In other words, it seems entirely plausible that the Bush administration’s deregulation of cable broadband service accidentally led to a secret court refusing to approve a sizable chunk of the NSA’s wiretapping activities. That ruling then precipitated a dramatic political battle full of overblown claims of threats to America and eventually resulted in the passage of a measure expanding the NSA’s ability to intercept communications inside the United States.

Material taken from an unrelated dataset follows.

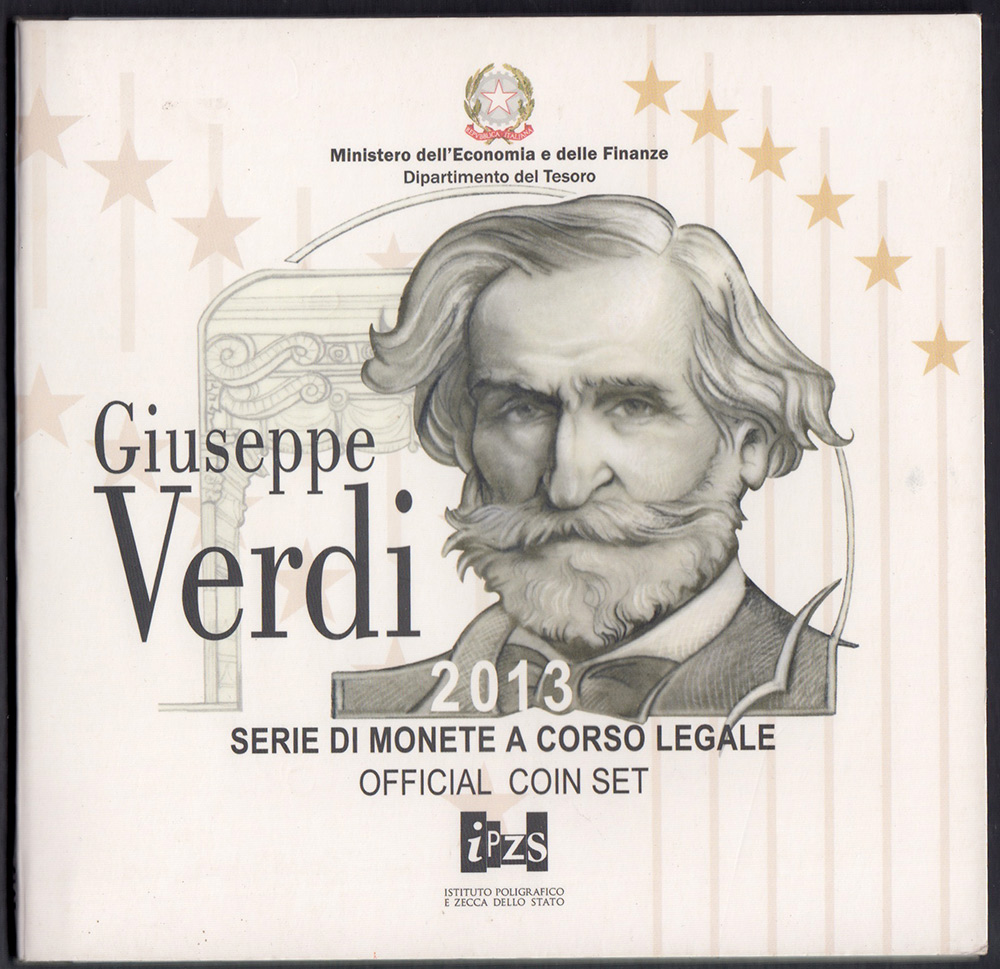 2013 - ITALIA Divisionale Ufficiale Euro 9 Monete Giuseppe Verdi FDC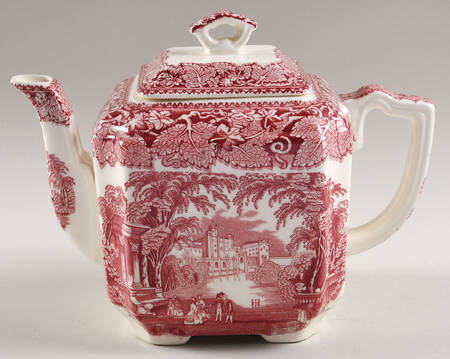 Vista Pink (No Trim) Fan Teapot & Lid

For those who don’t remember, the FISA Amendments Act was introduced to replace the short-lived Protect America Act of 2007, and both were designed to enable large-scale programmatic surveillance of communications between the United States and other countries.
Controversy over a provision granting retroactive immunity to telecommunications firms that participated in the original, extralegal warrantless wiretap program stalled the bill in Congress for months in late 2007 and early 2008: Senator Chris Dodd filibustered the initiative, and then-senator and presidential candidate Barack Obama opposed the bill, but finally agreed to support it, while promising to revisit and reform the bill once in office. Despite that promise, the Obama administration has now declared the reauthorization of the FAA without substantial changes a top legislative priority.
At the time, Americans were told that the FAA (and before it, the PAA) was needed because of a ruling by the secretive Foreign Intelligence Surveillance Court that had prevented the government from intercepting purely foreign-to-foreign communications that happened to pass over American wires.
That came as a surprise to surveillance experts, because the Foreign Intelligence Surveillance Act from 1978 had always defined the interception of the contents of a “wire communication” as “electronic surveillance,” requiring a court order if and only if either the sender or the recipient of that communication was inside the United States. Intelligence surveillance of strictly foreign-to-foreign wire communications was always understood to be allowed, even if the interception was done domestically, when the communication happened to pass through a U.S. telecom switch.
But apparently in early 2007, something changed.
Then-House Minority Leader John Boehner (R-Ohio) publicly declared that a secret ruling by the (normally highly deferential) FISC had found a problem with a National Security Agency surveillance program, and had limited NSA’s ability to intercept even wholly foreign communications.
Supporters of broader spying powers characterized the decision as requiring a warrant for all interception of foreign-to-foreign communications, including phone calls, but that turns out not to have been quite accurate: Kenneth Wainstein, then a high-ranking Justice Department official, later clarified that the problem was specifically related to interception of e-mail, where the locations of both parties to the communication might not be known to NSA in advance.
Even this, however, was a little peculiar.
E-mail was not exactly a new technology in 2007, after all, so what had changed? At the time, those of us who closely-followed intelligence policy mostly assumed that the issue had to do with the greatly increased breadth of the surveillance NSA was trying to conduct. But there is another possibility that fits the public evidence very well –one hinted at very indirectly in the new edition of the standard legal reference text on FISA law, David Kris and Douglas Wilson’s “National Security Investigations and Prosecutions.”